## [Problem statement]
Write out exactly the lines below starting at the one containing "Hello friends, welcome" and ending at the one containing "Alternatively, you can". Omit every picture.

## [Data shown]
......
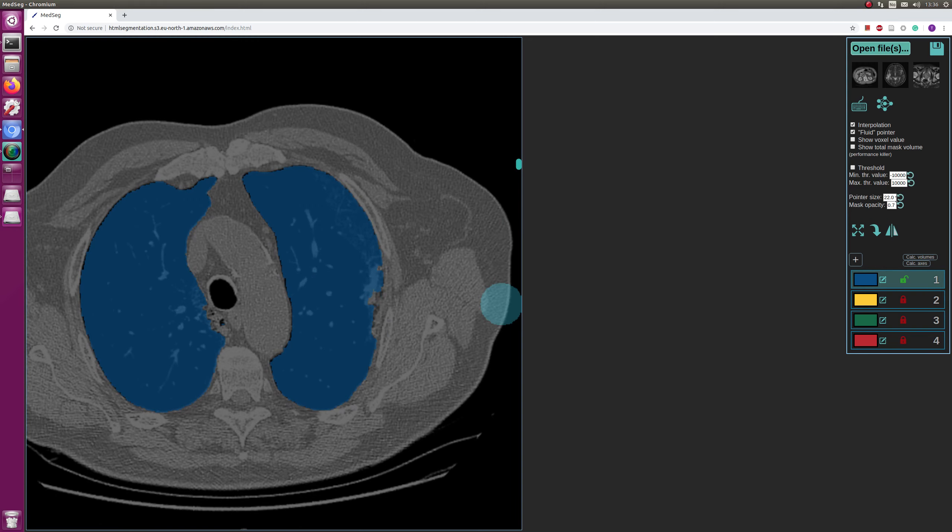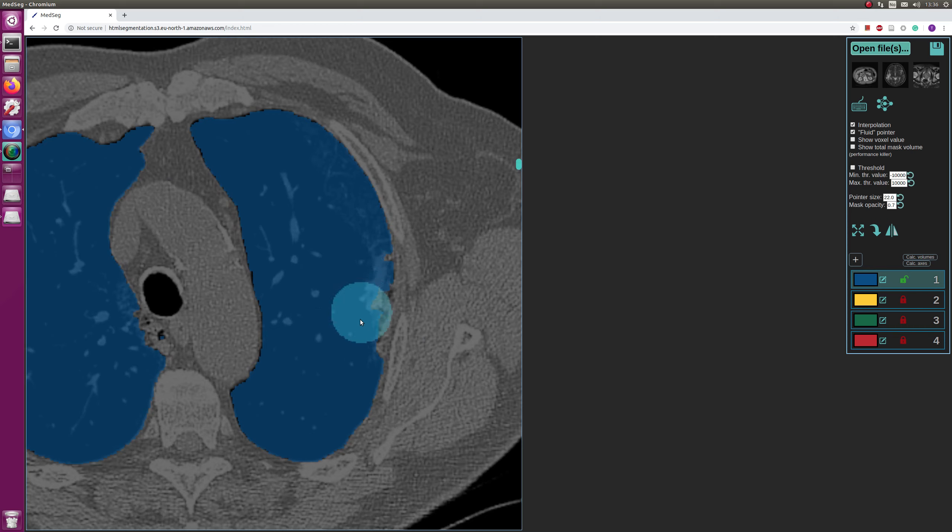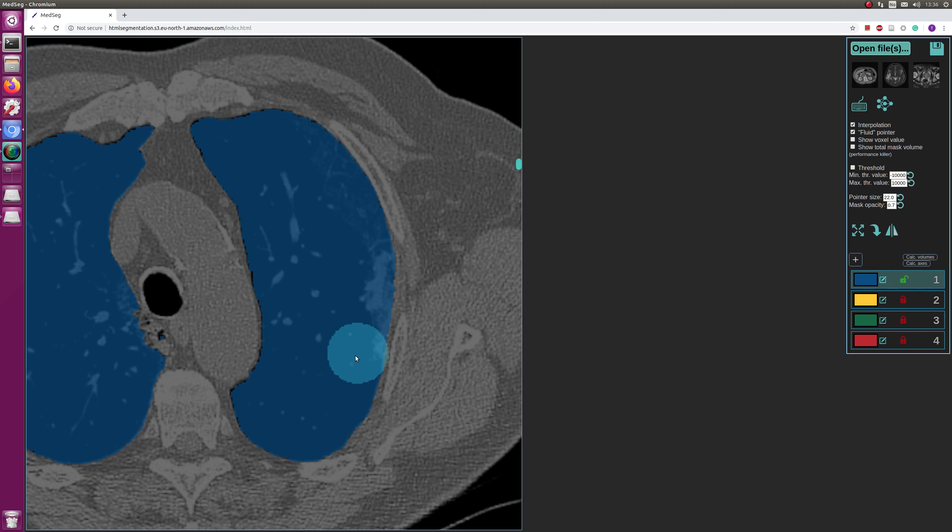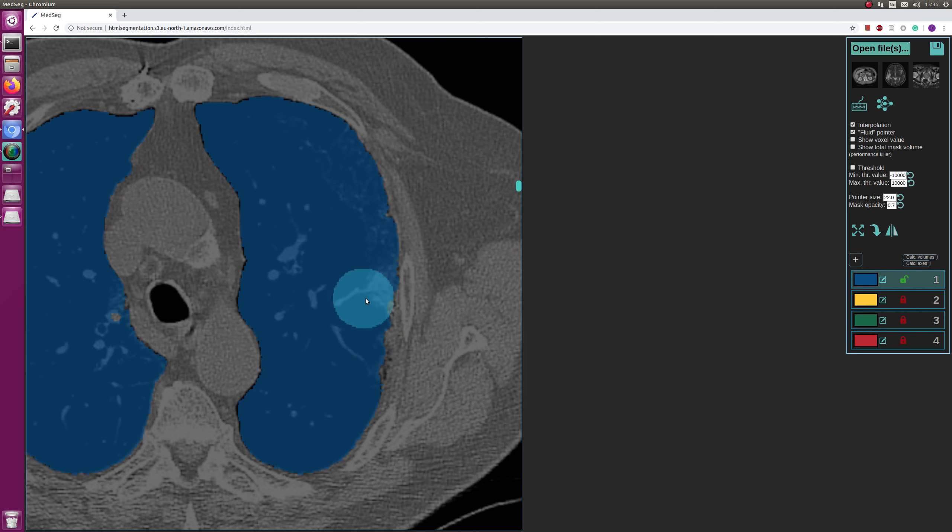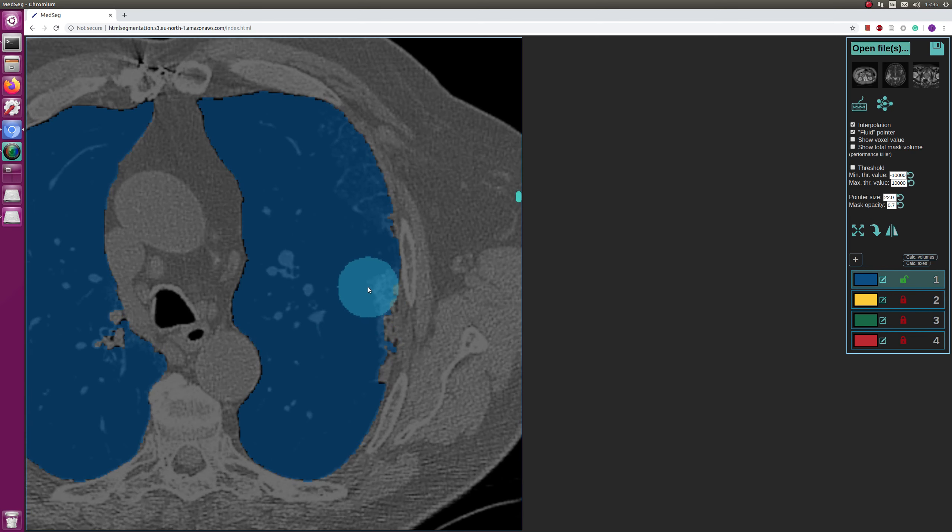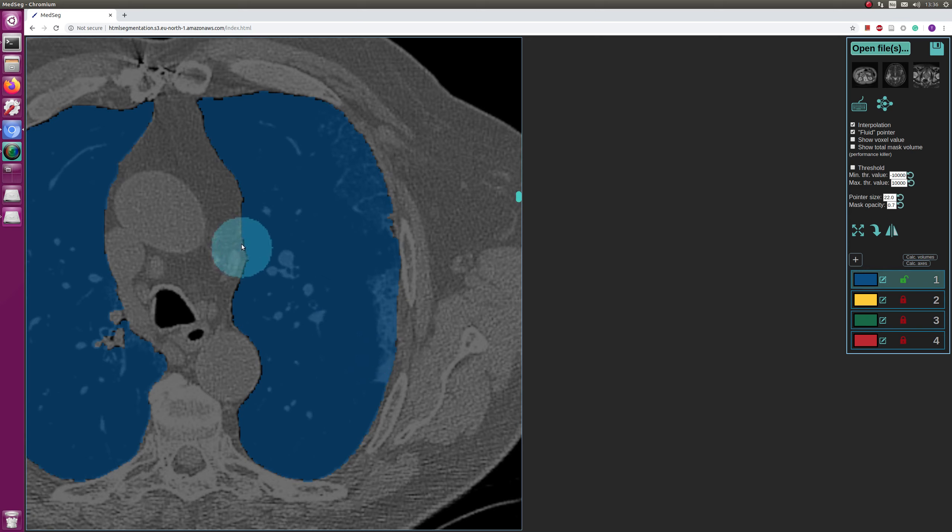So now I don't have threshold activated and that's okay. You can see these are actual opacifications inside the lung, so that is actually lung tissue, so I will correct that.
......
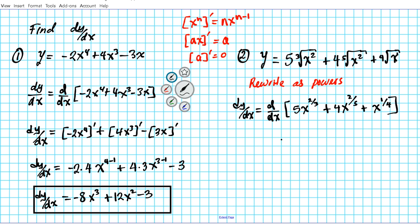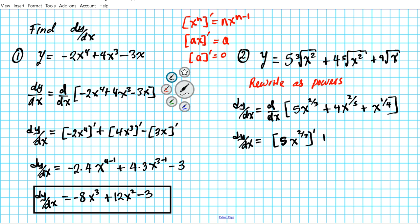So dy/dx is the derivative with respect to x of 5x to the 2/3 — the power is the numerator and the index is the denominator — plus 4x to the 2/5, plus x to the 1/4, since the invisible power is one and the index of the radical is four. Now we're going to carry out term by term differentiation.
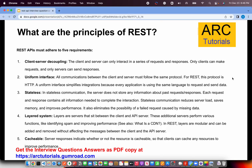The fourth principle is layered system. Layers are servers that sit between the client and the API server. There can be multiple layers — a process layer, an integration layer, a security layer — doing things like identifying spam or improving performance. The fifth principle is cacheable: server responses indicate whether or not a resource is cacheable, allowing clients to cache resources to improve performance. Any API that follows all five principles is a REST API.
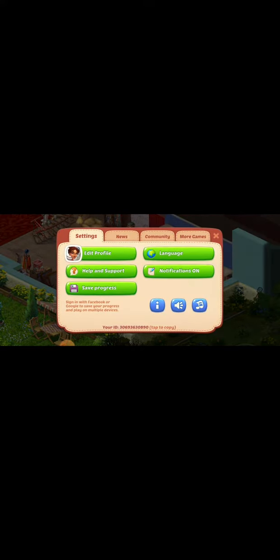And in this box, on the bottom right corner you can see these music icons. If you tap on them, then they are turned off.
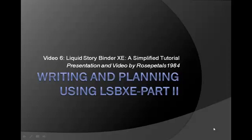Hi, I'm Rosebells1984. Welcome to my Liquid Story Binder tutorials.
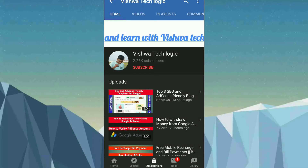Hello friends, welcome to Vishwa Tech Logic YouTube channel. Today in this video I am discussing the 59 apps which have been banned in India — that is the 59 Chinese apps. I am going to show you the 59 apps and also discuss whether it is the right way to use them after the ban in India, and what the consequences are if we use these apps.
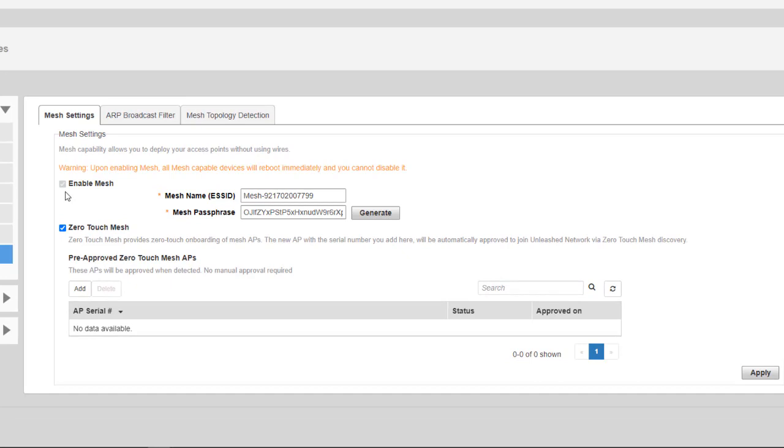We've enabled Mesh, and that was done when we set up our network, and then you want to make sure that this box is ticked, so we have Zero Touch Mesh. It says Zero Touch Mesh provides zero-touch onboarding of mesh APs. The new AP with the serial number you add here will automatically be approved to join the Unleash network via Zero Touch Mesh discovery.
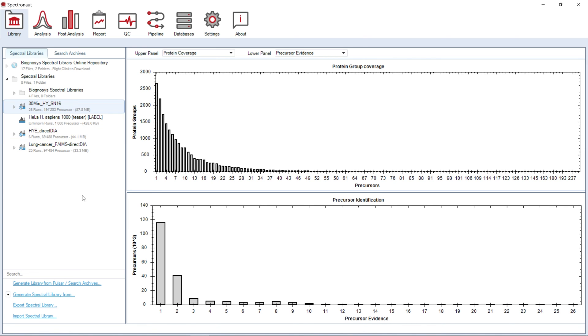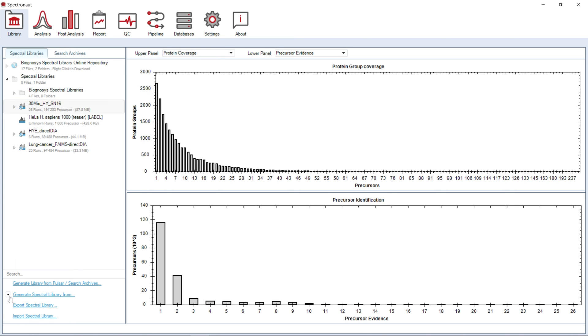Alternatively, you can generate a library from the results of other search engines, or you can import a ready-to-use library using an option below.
......
## [Solution]
Hello friends, welcome to Vishwa Tech Logic YouTube channel. Today in this video I am discussing the 59 apps which have been banned in India — that is the 59 Chinese apps. I am going to show you the 59 apps and also discuss whether it is the right way to use them after the ban in India, and what the consequences are if we use these apps.
We've enabled Mesh, and that was done when we set up our network, and then you want to make sure that this box is ticked, so we have Zero Touch Mesh. It says Zero Touch Mesh provides zero-touch onboarding of mesh APs. The new AP with the serial number you add here will automatically be approved to join the Unleash network via Zero Touch Mesh discovery.
Alternatively, you can generate a library from the results of other search engines, or you can import a ready-to-use library using an option below.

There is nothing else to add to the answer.